When the task is complete, we shall go our separate ways, your people and me. And only when we meet again will I resume the sad mission my gods require of me. If, indeed, I determine that it is their command. I swear these things on the name of Inanna, who will strike me down should I break my vow to you. For you are so like her, you must surely be beloved of her.”
She was taken aback by that. “I’m…like Inanna? A goddess?”
He smiled only slightly, but the amusement in his eyes was impossible not to see. “So very like her. Warrior goddess, enchantress, her temper equaled only by her beauty.”
Brigit looked into his eyes and knew he wouldn’t swear on Inanna unless he meant it. “I believe you.”
His eyes held hers, his hand gently moving through her hair. “You should always believe me, Brigit,” he said softly. “For to look upon your face, or into your eyes, and speak lies to you would be impossible for me.” Their bodies seemed to tug at one another until suddenly they were pressed together and he was bending to kiss her. His mouth caught her lips, moving over them. He kissed her long and slow and tenderly. And she melted inside.

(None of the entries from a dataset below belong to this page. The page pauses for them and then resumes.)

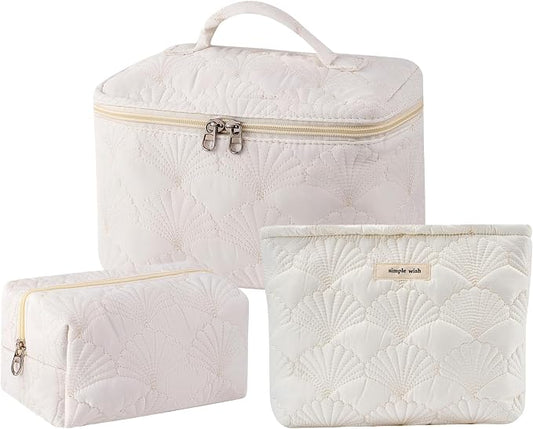 RSRSLEII 3Pcs Quilted Cotton Coquette Makeup bag, Coastal Granddaughter Aesthetic Cosmetic Bag, Cute Seashell Portable Travel Toiletry Pouch (08 3Pcs White) by RSRSLEII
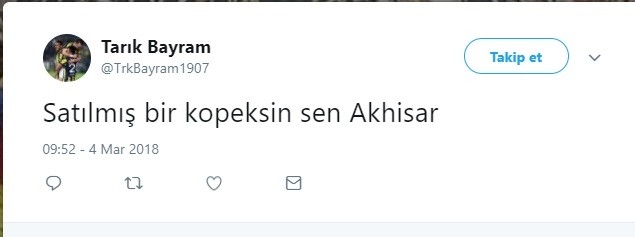 maç kazanan takıma satılmış köpek diyen fb li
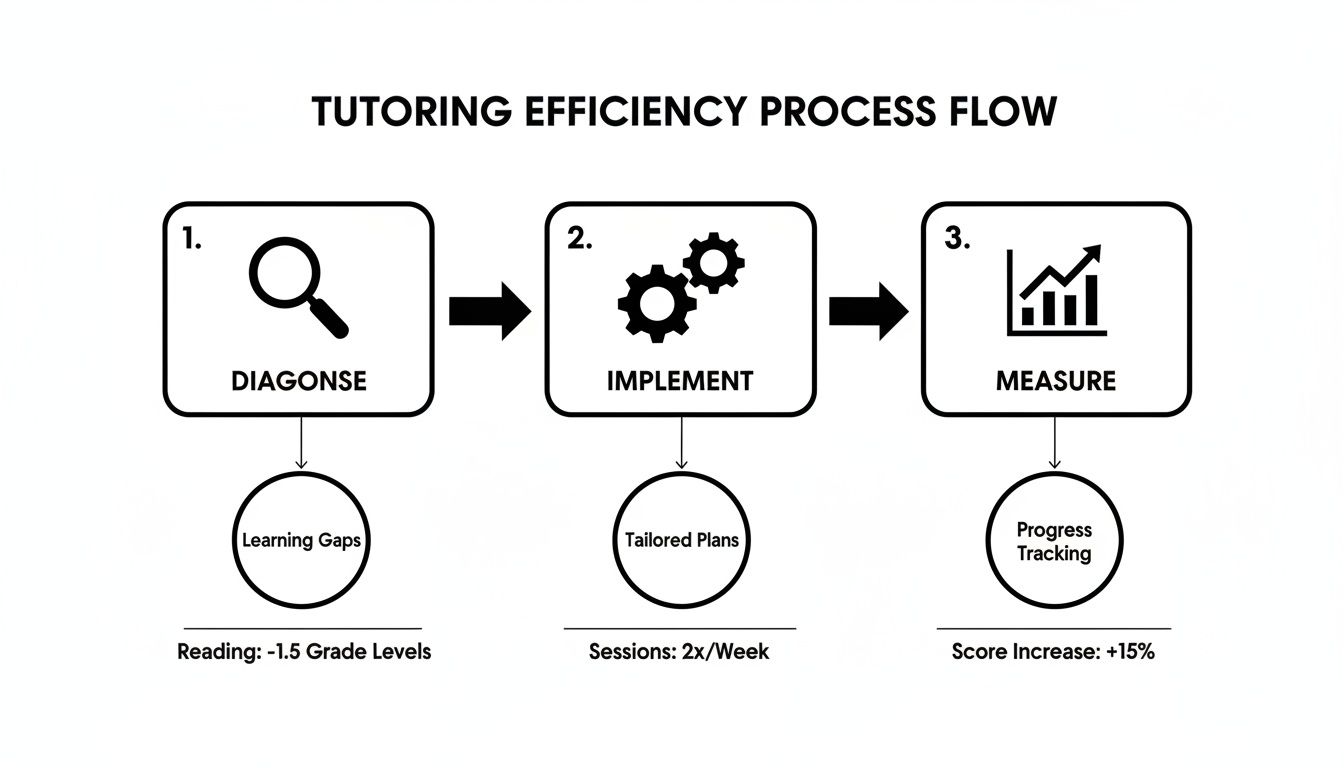Tutoring efficiency process flow diagram showing steps: Diagnose, Implement, and Measure progress.
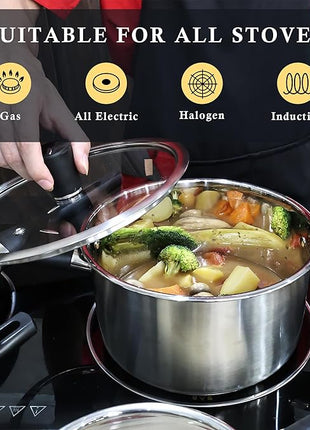 Meythway 𝐔𝐏𝐆𝐑𝐀𝐃𝐄 Stainless Steel Pots and Pans Set Non Toxic, 6PCs Kitchen Cookware Sets with Stay-Cool Handles, Non-Stick, Dishwasher Safe&Compatible with All Stovetops(Gas,Electric&Induction)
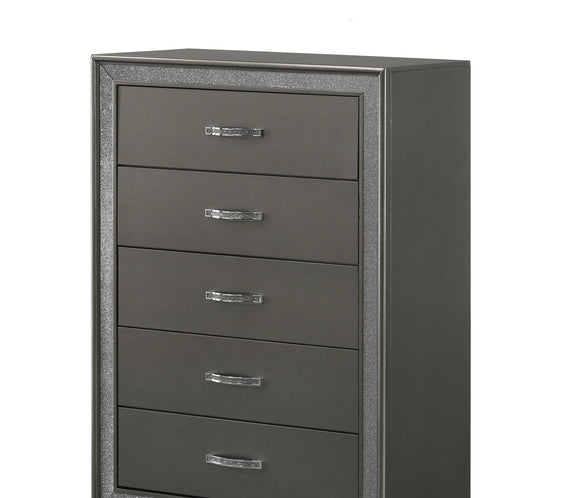 Kaia Dark-Gray Finish Contemporary Sturdy Mahogany Wood Faux Leather Upholstered Tufted Panel Bedroom Set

When he lifted his head at last, she said, “All right. We’ll do this together.” Her heart felt lighter, and she wondered if she could do it, could put aside what he had done, what he still might do, to her people. Could she forget about all of that just for a little while during this…this truce?
She’d certainly managed to forget it last night. And whenever he kissed her. Or touched her. Or looked into her eyes.
“Tell me now, Brigit. What do you seek upon your…car?” He nodded at her T-Bird.
“Tracking devices or explosives, or anything they might have put on it, if they noticed it parked here and were suspicious.” Seeing his puzzled frown, she explained. “Tracking devices would enable them to follow us, to find us wherever we go.”
“Amazing.”
“Explosives would just blow us to bits—like a beam from your eye.”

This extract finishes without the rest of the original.